Assembly Bill 1486 cleared its final legislature hurdle in the Assembly, 59-1, receiving bipartisan support.
The measure by Assemblyman Ricardo Lara, D-Bell Gardens, is touted as a way to expedite construction of an $80 million voice and data communications system for the region's 34,000 first responders.
Supporters of the project say the ability for emergency service providers to communicate with each other is particularly acute in the Los Angeles region, which has over 50 law enforcement agencies and 31 fire departments.
AB 1486 was subject to little public scrutiny, however. It was amended to contain the CEQA exemption Aug. 24, just one week before the Legislature adjourned for the year Friday. Previously, the bill was a placeholder for budget-related legislation.
Lara's proposal would provide an exemption from California Environmental Quality Act review for the design, site acquisition, construction, operation or maintenance of certain elements of the communications project.
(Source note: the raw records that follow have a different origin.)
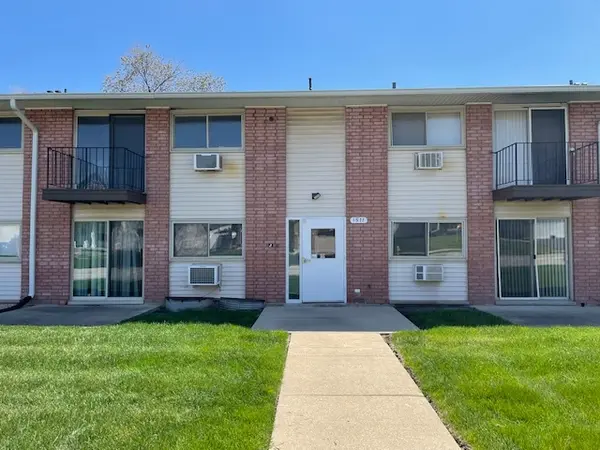 1577 Jill CT #109, Glendale Heights, IL 60139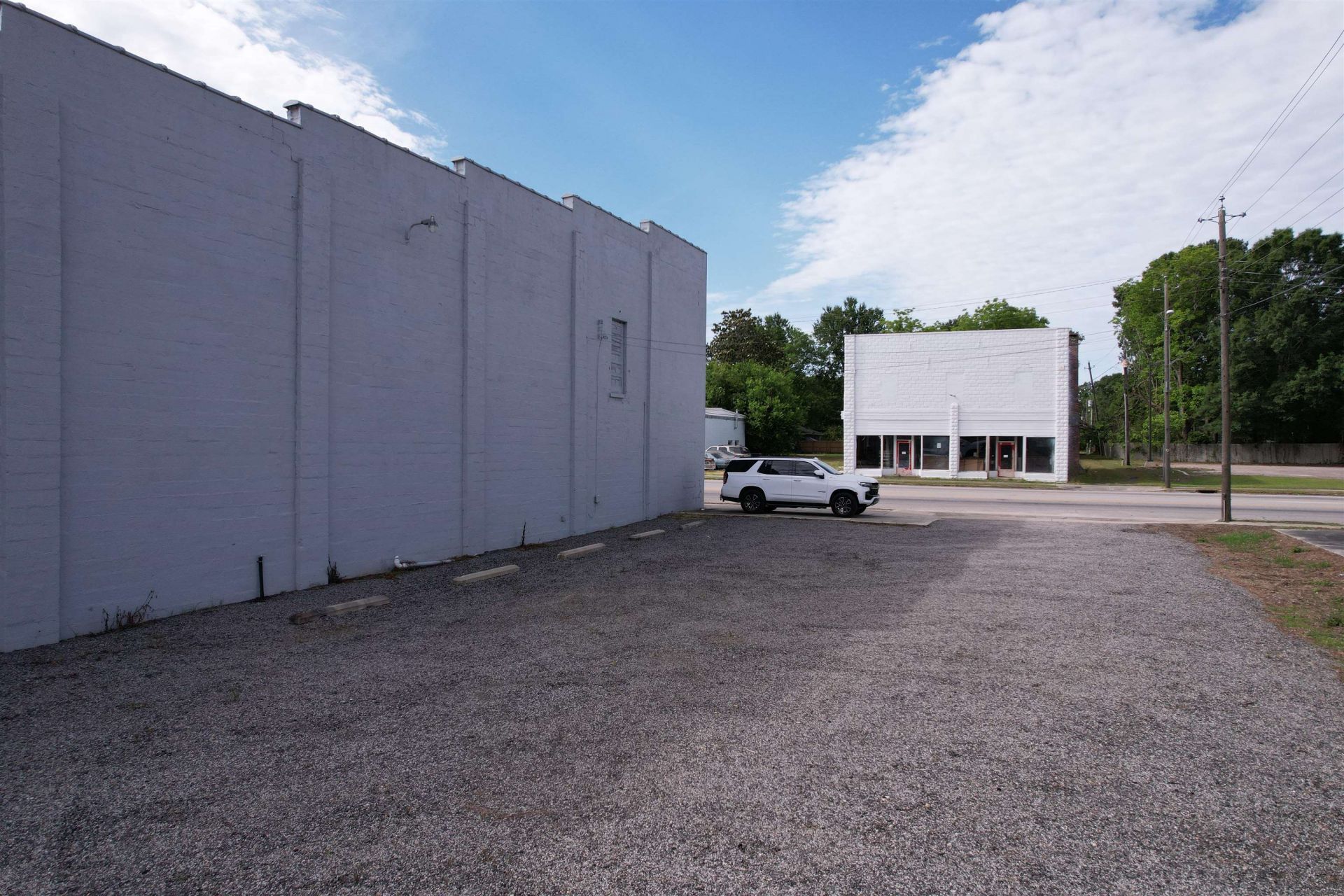 109 E Main St. Photo 7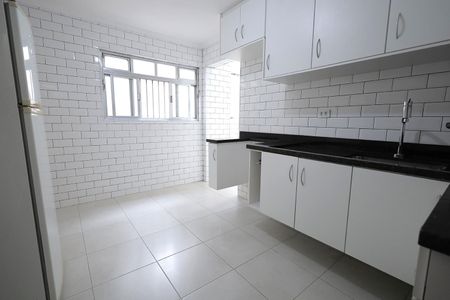 Cozinha de apartamento para alugar com 3 quartos, 119m² em Vila Santa Teresa, Santo André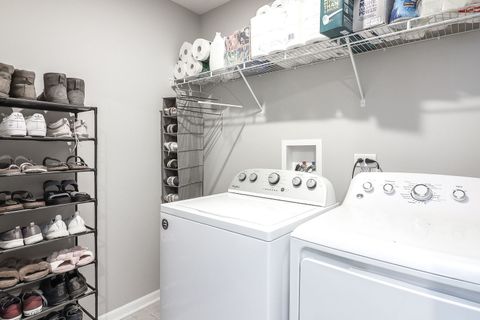 Tiny photo for 169 Waverly Court, Bloomingdale, IL 60108 (MLS # 12488440)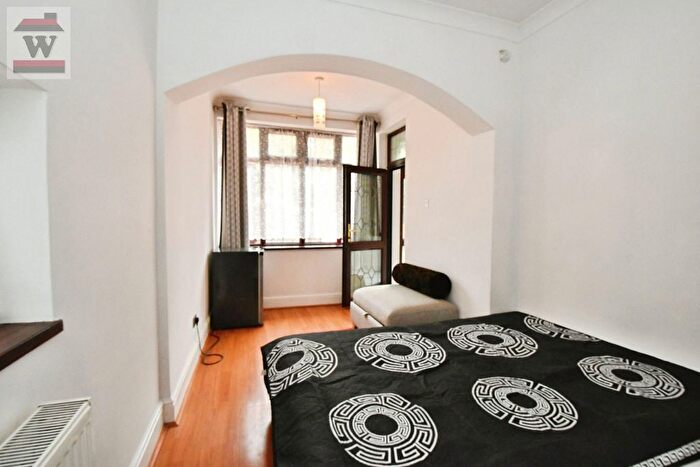 1 Bedroom Studio To Rent In Wood Lane, Osterley, TW7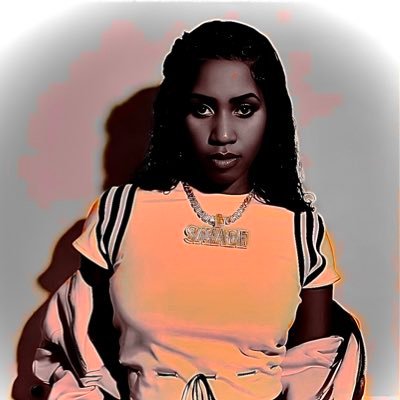 BarbraNamu90789's profile picture. Am me not u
AB 1486 potentially could hasten construction of 239 tapered monopoles and dozens of land mobile radio systems, known as LMRs. Both elements of the communications system would hold antennas, microwave dishes and other components.
The exemption would apply only if certain conditions were met - for example, if there would be no substantial adverse impact on wetlands, riparian or historical areas, and if operation of the project would meet Federal Communications Commission standards.
Supporters contend the exemption is necessary to ensure that the project, the Los Angeles Regional Interoperable Communications System, can be built quickly enough to meet strict deadlines for accessing millions of dollars in federal grants.
Opponents counter that the massive communications system is precisely the kind of project that warrants environmental review.